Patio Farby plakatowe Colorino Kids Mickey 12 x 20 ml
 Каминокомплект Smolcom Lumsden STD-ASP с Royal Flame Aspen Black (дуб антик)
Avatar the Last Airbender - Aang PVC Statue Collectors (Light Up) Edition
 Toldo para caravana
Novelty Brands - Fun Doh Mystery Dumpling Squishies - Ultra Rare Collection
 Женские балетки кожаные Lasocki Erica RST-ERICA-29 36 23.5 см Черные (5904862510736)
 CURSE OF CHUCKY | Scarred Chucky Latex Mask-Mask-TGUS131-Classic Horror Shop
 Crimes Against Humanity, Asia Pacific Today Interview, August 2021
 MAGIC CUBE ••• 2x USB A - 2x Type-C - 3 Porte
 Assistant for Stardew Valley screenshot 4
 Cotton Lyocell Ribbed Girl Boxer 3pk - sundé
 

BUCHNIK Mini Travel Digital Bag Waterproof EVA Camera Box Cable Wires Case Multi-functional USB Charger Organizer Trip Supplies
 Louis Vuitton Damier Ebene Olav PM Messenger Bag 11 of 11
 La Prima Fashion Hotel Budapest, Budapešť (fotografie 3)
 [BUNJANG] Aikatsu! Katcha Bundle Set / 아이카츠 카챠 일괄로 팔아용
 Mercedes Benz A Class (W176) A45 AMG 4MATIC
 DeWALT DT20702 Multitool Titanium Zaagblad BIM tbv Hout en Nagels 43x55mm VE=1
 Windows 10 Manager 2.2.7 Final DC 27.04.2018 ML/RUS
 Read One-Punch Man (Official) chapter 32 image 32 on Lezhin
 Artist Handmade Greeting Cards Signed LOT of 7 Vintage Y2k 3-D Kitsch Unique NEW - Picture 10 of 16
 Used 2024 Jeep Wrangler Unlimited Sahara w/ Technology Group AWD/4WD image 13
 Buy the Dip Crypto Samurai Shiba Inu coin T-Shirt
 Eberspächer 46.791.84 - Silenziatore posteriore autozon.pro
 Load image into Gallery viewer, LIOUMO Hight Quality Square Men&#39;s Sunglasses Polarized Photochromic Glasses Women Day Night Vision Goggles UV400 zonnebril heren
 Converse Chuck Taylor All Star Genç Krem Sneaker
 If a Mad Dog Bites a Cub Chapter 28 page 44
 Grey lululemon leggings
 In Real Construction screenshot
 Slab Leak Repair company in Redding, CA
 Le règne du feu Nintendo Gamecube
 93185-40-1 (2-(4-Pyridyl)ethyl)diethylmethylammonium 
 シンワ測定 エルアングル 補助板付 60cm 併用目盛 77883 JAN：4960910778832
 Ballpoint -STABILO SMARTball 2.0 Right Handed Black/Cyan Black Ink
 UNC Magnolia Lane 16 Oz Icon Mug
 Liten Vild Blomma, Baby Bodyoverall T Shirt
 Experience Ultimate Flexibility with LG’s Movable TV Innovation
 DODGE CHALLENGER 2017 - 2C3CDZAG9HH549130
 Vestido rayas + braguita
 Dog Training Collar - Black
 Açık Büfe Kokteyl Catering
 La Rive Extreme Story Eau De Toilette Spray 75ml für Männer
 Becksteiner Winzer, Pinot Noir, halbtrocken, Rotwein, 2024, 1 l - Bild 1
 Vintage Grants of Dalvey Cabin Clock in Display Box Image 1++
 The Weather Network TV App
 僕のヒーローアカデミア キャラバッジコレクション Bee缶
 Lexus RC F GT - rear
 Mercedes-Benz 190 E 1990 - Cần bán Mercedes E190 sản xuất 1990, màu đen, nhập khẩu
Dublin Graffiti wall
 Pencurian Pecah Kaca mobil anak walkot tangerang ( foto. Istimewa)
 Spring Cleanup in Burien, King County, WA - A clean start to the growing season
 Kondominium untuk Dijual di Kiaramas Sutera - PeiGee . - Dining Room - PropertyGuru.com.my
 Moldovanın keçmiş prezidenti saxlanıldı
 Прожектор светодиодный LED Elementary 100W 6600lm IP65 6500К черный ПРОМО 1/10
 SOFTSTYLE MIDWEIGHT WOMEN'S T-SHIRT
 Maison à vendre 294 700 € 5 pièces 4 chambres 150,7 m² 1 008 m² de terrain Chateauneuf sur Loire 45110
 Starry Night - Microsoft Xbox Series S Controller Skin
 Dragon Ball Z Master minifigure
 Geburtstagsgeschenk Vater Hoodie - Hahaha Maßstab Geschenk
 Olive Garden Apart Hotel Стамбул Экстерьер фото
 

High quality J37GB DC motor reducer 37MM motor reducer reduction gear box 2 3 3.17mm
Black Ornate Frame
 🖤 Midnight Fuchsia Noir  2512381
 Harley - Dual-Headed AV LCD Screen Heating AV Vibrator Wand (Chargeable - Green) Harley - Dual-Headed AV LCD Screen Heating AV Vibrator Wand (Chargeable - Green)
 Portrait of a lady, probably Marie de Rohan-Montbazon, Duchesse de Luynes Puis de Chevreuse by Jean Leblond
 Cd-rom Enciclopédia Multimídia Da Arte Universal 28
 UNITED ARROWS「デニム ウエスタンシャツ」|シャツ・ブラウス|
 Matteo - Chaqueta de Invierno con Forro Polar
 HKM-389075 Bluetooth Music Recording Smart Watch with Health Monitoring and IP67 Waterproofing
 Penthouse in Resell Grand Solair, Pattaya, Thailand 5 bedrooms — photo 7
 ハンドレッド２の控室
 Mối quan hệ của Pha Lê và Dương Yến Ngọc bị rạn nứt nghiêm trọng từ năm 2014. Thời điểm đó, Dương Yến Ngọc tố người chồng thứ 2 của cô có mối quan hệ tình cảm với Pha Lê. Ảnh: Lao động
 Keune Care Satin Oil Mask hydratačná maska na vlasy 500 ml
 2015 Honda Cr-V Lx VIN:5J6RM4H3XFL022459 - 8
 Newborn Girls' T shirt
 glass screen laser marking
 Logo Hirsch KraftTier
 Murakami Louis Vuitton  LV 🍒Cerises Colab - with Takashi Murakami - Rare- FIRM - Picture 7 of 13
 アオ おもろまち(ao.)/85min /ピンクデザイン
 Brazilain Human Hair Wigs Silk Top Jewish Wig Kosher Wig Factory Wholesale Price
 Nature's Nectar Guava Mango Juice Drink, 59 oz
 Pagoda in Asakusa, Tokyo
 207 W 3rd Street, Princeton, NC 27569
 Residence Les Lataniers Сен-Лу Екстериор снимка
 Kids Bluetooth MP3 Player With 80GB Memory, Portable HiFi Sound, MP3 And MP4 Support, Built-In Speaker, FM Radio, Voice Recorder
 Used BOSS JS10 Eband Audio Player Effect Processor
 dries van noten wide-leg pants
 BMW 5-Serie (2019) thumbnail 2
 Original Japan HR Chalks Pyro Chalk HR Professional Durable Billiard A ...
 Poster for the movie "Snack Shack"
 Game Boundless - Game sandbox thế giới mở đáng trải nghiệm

========

YOUR TASK
Using the listing above, return exactly, and only, the lines from the one that contains "2015 Honda Cr-V Lx VIN:5J6RM4H3XFL022459 - 8" through its last line, both included.

TASK SOLUTION
 2015 Honda Cr-V Lx VIN:5J6RM4H3XFL022459 - 8
 Newborn Girls' T shirt
 glass screen laser marking
 Logo Hirsch KraftTier
 Murakami Louis Vuitton  LV 🍒Cerises Colab - with Takashi Murakami - Rare- FIRM - Picture 7 of 13
 アオ おもろまち(ao.)/85min /ピンクデザイン
 Brazilain Human Hair Wigs Silk Top Jewish Wig Kosher Wig Factory Wholesale Price
 Nature's Nectar Guava Mango Juice Drink, 59 oz
 Pagoda in Asakusa, Tokyo
 207 W 3rd Street, Princeton, NC 27569
 Residence Les Lataniers Сен-Лу Екстериор снимка
 Kids Bluetooth MP3 Player With 80GB Memory, Portable HiFi Sound, MP3 And MP4 Support, Built-In Speaker, FM Radio, Voice Recorder
 Used BOSS JS10 Eband Audio Player Effect Processor
 dries van noten wide-leg pants
 BMW 5-Serie (2019) thumbnail 2
 Original Japan HR Chalks Pyro Chalk HR Professional Durable Billiard A ...
 Poster for the movie "Snack Shack"
 Game Boundless - Game sandbox thế giới mở đáng trải nghiệm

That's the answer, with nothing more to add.